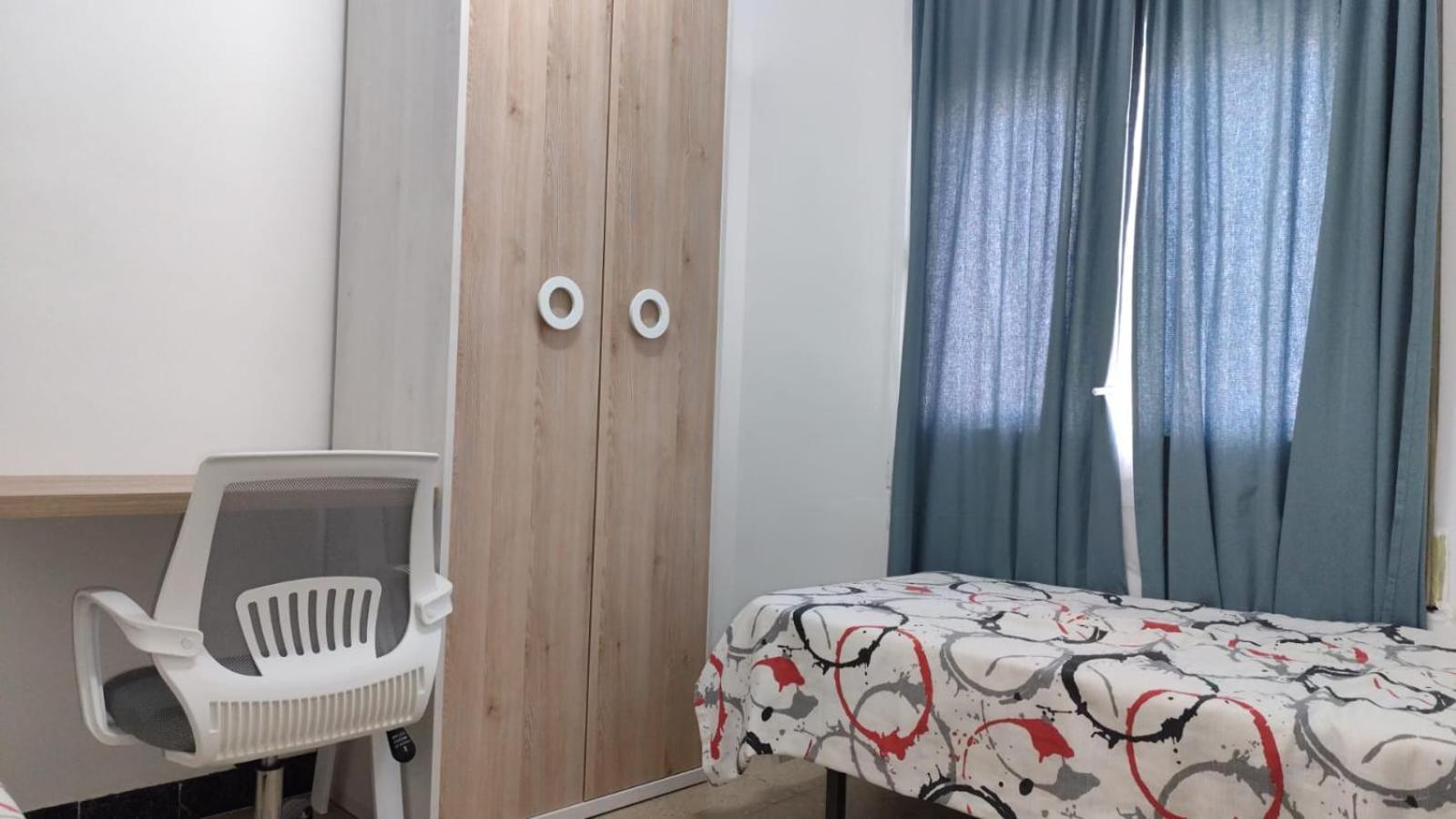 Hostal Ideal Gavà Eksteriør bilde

==

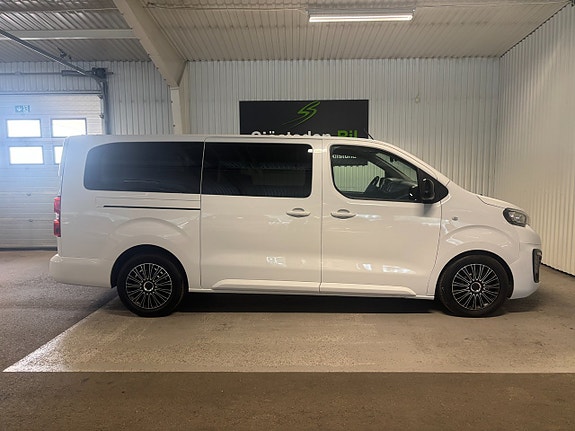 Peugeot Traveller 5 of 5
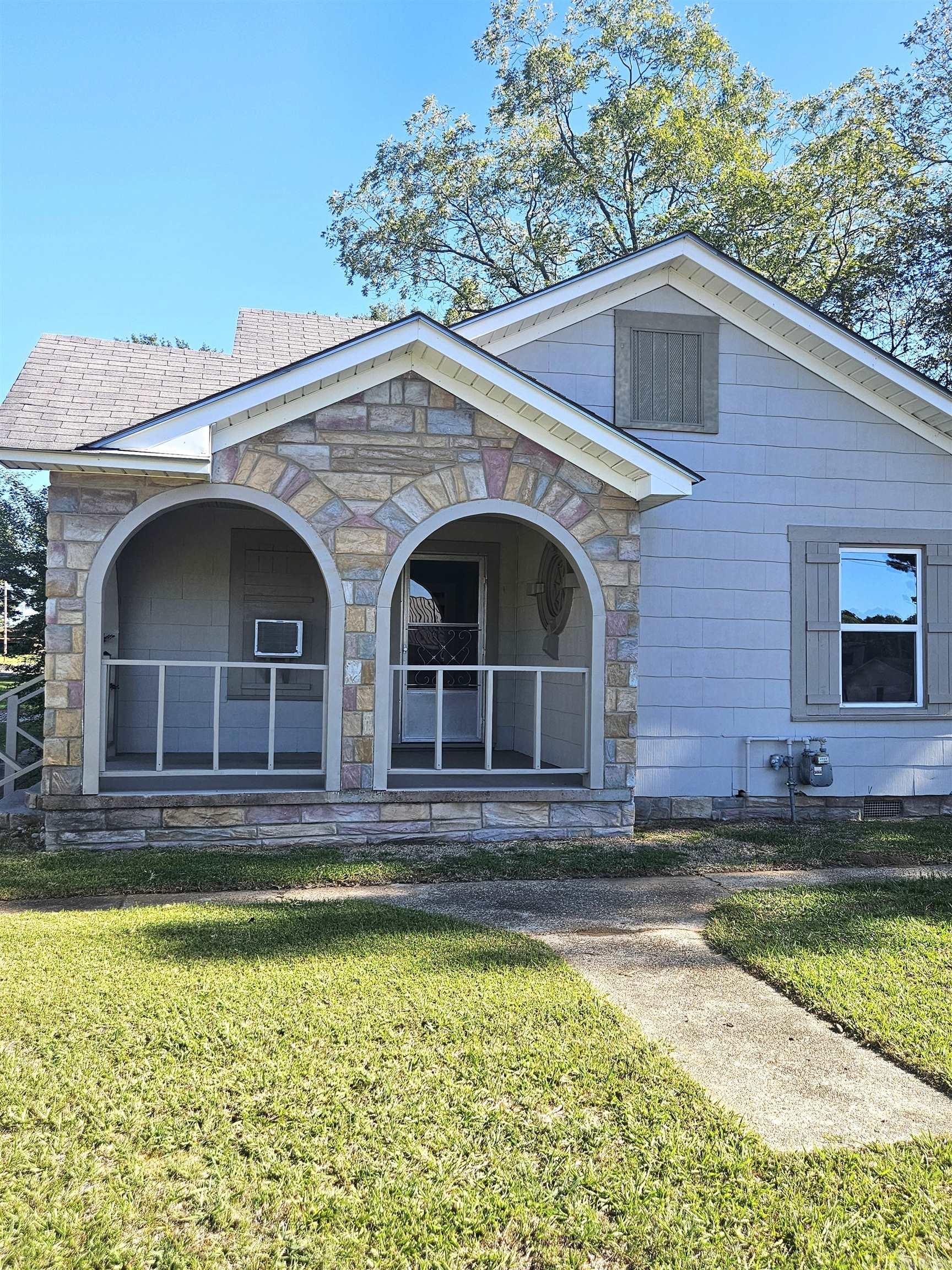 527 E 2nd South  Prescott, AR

[Problem to solve]: Exact copy, no pictures. Write out the lines in the entries above, starting with the line with "Peugeot Traveller 5 of 5" and going on through the line with "527 E 2nd South", keeping both.

[Response below]:
 Peugeot Traveller 5 of 5
 527 E 2nd South  Prescott, AR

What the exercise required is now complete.